FIFA has a new boss.
Soccer’s governing body elected Gianni Infantino as its president to succeed Sepp Blatter, the disgraced chief who was banned for six years for violating the organization’s ethics rules.
“We will restore the image of FIFA,” Infantino said in his first address as president.
Infantino won in the second round of voting, earning 115 votes, defeating Bahrain’s Sheikh Salman bin Ebrahim al-Khalifa (88), and Jordan’s Prince Ali bin al-Hussein (four votes).
The election of Infantino, who holds Swiss and Italian citizenship, and who runs UEFA, European soccer’s governing body, firmly enshrines soccer’s power in the continent. There had been speculation ahead of the vote that the new FIFA’s chief would be more reflective of soccer’s support base in Asia, the Middle East, or Africa.
Prior to the election, FIFA passed a package at its extraordinary congress, to give the session its official name, meant to overhaul the institution.
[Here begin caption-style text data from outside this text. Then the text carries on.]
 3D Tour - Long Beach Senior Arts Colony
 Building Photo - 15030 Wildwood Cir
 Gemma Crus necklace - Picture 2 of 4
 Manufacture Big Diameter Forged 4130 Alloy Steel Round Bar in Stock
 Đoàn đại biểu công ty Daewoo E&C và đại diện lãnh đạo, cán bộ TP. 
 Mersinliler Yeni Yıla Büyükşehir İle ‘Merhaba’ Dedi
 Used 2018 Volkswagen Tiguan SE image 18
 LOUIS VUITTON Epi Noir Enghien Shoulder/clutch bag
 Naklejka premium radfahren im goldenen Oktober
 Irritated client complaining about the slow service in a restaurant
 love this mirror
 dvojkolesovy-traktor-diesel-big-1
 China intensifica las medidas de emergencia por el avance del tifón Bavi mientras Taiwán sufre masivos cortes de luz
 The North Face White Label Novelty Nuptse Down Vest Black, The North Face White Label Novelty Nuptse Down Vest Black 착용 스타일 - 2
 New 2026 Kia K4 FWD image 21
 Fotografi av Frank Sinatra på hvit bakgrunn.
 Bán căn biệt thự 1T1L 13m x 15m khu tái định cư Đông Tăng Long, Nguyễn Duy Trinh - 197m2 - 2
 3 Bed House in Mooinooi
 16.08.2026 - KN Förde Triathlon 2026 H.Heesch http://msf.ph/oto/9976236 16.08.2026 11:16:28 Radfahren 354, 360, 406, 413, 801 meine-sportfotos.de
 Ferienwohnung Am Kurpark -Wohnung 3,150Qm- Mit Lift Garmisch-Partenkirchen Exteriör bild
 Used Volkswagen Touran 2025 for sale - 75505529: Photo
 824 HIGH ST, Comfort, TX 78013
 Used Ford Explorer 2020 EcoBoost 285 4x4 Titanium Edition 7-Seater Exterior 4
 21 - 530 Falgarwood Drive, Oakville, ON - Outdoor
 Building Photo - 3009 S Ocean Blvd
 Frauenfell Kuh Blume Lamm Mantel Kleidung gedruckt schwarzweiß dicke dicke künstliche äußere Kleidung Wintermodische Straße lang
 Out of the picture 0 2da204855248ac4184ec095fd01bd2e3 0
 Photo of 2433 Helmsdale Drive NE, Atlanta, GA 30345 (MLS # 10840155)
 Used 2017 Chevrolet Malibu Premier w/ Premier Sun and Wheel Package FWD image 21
The way FIFA is governed will be overhauled: FIFA Council replaces ExCo; standing committees reduced from 26 to 9. pic.twitter.com/6zMm6596uU— FIFA Media (@fifamedia) February 26, 2016
Key committees to have at least 50% independent members. Plus eligibility checks for all elected officials by independent Review Committee.— FIFA Media (@fifamedia) February 26, 2016
Separation of power is a crucial part of the reforms. FIFA Council to set strategy, General Secretariat to take everyday business decisions.— FIFA Media (@fifamedia) February 26, 2016
President & Council members to serve maximum term of 3 x 4 years. Compensation for senior figures to be disclosed. pic.twitter.com/Ltf0hG6VKZ— FIFA Media (@fifamedia) February 26, 2016
There will be greater participation & diversity in decision-making including a new Football Stakeholder’s Committee. pic.twitter.com/Cl275BZZCQ— FIFA Media (@fifamedia) February 26, 2016
The changes, which will go into effect in 60 days, appear to address some of the concerns about how FIFA was run—and seem to reflect some of the recommendations made by FIFA’s reform committee in December on ways to overhaul how soccer was governed.